For the first time in the Marathon's history, the elite female runners will start before the men. A big deal?

I think it will affect how the crowd sees and responds to the elite women. I've been a part of the crowd before, and everyone cheers a lot when the first men come through. People have been waiting a long time to see the runners, so it's exciting when the first people come. Then usually by the time the women get there, people don't even notice. It might be exciting to not have too many people ahead [of me], but there will also be fewer people for me to pace off of. I'll probably practice the course a couple of times, and I'll make sure I have people I know cheering for me at [Heartbreak Hill].

Should this be a permanent change for the race?

I don't think they need to [let the women start first] every year, but every once in a while, it's nice to have the recognition. Because the women who come in first are just as amazing as the men who come in first.

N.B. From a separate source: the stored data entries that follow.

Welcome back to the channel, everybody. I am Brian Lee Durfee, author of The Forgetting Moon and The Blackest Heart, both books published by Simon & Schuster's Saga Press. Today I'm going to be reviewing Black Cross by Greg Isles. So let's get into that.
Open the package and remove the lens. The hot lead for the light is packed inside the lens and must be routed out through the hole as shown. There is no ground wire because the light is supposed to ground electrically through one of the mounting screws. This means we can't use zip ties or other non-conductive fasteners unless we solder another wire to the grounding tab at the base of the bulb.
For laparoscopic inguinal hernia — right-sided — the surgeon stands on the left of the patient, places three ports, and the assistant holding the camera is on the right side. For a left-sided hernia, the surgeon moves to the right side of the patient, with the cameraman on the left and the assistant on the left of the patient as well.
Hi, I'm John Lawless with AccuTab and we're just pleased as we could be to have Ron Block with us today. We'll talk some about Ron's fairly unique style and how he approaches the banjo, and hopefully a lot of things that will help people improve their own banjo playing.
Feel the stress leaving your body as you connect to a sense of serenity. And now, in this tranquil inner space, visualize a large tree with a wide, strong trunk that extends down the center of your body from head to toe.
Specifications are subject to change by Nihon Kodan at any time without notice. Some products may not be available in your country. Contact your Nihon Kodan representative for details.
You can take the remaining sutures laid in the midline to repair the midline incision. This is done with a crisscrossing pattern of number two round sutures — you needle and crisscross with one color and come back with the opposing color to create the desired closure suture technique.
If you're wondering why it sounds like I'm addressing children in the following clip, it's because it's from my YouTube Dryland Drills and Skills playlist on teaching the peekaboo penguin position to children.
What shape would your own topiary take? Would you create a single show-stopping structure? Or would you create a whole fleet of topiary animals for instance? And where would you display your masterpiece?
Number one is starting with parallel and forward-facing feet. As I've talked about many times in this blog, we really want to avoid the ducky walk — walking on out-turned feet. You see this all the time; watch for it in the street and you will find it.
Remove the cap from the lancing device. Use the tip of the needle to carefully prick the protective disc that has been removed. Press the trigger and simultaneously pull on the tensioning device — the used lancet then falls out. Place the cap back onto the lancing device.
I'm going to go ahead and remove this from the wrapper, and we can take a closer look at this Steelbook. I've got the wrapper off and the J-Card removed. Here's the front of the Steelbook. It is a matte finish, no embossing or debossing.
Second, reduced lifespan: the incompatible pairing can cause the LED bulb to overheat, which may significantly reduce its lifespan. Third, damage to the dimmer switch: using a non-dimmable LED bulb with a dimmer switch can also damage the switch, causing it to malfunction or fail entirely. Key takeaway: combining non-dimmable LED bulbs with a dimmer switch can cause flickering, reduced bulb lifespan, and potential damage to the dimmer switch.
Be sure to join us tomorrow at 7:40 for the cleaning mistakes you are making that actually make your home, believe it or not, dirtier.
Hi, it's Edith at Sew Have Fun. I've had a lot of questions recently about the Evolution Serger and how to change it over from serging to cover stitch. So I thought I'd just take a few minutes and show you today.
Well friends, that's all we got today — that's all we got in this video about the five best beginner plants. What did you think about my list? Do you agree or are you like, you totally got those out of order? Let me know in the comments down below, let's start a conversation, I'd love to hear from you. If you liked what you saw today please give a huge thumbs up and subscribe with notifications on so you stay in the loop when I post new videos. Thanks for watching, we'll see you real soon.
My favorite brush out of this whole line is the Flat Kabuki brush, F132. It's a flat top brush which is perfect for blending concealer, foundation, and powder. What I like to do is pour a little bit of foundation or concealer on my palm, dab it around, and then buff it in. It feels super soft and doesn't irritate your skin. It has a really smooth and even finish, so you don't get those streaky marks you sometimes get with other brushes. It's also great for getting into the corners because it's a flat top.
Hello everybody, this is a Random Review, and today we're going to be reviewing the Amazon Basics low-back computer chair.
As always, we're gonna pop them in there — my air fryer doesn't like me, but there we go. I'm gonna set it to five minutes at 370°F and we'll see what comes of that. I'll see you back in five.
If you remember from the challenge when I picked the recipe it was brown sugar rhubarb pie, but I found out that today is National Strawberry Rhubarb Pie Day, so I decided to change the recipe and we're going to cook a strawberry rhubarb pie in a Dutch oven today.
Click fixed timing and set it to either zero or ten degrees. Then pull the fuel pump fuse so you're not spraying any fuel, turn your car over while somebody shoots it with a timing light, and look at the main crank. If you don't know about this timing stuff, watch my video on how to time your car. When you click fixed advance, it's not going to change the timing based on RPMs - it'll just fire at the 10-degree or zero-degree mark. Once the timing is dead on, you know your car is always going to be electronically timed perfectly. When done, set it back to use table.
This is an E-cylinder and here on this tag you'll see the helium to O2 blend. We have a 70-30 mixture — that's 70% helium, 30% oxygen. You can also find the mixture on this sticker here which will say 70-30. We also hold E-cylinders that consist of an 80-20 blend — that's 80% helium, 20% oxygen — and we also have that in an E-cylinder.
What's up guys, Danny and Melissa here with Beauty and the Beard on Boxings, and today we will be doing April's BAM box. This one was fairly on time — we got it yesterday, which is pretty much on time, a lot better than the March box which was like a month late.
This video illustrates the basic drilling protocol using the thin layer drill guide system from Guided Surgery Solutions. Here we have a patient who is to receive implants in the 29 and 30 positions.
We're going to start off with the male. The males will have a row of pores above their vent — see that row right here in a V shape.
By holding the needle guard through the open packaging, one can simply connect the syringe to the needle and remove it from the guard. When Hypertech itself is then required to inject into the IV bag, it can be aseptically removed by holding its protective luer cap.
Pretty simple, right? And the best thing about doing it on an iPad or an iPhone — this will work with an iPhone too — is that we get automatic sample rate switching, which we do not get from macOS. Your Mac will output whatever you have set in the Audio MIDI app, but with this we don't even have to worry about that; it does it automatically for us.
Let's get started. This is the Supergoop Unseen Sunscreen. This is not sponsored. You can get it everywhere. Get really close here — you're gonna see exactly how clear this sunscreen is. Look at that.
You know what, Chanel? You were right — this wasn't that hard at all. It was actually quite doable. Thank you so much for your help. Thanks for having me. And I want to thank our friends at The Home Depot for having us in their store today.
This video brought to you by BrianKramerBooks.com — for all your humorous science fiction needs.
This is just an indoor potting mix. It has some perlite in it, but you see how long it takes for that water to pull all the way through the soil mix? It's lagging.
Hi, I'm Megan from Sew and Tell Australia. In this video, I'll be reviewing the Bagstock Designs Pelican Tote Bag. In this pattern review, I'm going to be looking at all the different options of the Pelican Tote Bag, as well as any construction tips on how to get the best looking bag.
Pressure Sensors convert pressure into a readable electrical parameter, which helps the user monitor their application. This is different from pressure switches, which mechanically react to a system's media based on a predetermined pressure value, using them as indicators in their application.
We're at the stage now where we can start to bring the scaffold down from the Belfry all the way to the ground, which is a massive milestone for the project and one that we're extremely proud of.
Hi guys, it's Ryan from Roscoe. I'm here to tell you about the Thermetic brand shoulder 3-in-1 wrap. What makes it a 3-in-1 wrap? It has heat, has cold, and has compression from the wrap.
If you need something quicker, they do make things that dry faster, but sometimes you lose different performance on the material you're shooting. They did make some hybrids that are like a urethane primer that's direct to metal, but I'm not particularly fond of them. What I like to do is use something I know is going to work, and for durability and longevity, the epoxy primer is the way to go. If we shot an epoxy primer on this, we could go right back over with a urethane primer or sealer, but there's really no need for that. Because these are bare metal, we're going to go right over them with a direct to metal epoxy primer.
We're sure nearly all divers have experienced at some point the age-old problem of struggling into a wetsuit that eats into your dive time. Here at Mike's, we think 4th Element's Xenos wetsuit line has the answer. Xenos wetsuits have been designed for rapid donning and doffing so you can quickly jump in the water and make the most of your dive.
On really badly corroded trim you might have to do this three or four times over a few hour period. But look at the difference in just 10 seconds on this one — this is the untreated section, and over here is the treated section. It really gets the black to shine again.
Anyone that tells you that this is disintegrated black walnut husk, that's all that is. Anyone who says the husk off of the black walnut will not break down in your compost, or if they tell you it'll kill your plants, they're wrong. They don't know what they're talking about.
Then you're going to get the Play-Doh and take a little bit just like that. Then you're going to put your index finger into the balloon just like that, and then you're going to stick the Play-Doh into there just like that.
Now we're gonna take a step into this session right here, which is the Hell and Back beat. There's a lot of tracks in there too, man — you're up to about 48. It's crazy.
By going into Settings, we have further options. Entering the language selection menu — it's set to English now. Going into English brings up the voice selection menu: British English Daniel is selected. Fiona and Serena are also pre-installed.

Ever just want to walk at, say, mile 25?

It's quite an amazing feeling to finish a marathon. In 1997, I ran my first Boston Marathon injured, and that was a painful experience - I had a lot going against me. I remember finishing and being in awe of what my body had accomplished. I was in awe of the crowd and how many people had supported this crazy dream that we have. I finish partly for that feeling and partly because it seems a waste not to, after putting all that effort into it. My last two marathons, I was trying to qualify for the Olympic trials. I missed it by one minute, and even in the last few miles, I knew I wouldn't qualify, but I wasn't going to give up. I don't give up.